The new law includes $550 billion in new spending on infrastructure over the next five years and billions more to promote environmental and social investments, such as clean energy technologies. The infrastructure bill also calls for expanded broadband internet access and other investments to protect against droughts, floods and other weather-related challenges.
The Best’s Special Report, “New Infrastructure Law Expected to Boost US Surety Market,” notes that the surety segment saw a slowdown in premiums as the pandemic led to reduced construction spending during the 2020 recession. The downturn particularly affected projects with greater exposure to those sectors most severely impacted by COVID-19, including retail, hospitality and travel. Volatility in lumber prices and a shortage of skilled workers continue to impact the construction industry.
The report notes that surety historically has been a very profitable line of business for most property/casualty insurance carriers, as net losses have been low the past decade with combined ratios that were 78.1 or below in each year. This reflects surety companies’ ongoing focus on underwriting fundamentals and effective risk selection to keep losses in check. Underwriting results in 2020 declined moderately compared with 2019 due to an uptick in losses as contractors adjusted to mandatory government shutdowns and supply chain disruptions. However, despite the moderate decline in 2020, underwriting income for surety writers has been on an upward trend over the past five years, reaching a peak of $1.68 billion in 2019.

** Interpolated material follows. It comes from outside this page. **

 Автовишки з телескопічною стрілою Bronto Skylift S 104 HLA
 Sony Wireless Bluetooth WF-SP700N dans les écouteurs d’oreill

“Implementation of projects under the new infrastructure law will largely determine the health and prospects for the U.S. construction industry for years to come and have a substantial impact on the surety insurance market,” said David Blades, associate director, industry research and analytics, AM Best. “At the same time, labor pressures could delay expected construction growth, and as a result, the impact of the infrastructure bill could be muted in the near term.”
Given the strong operating performance despite pandemic conditions, as well as the strengthening economy and construction industry, AM Best has revised its market segment outlook on the U.S. surety segment to stable from negative. The expected benefits of the Infrastructure Investment and Jobs Act further reinforce the outlook change.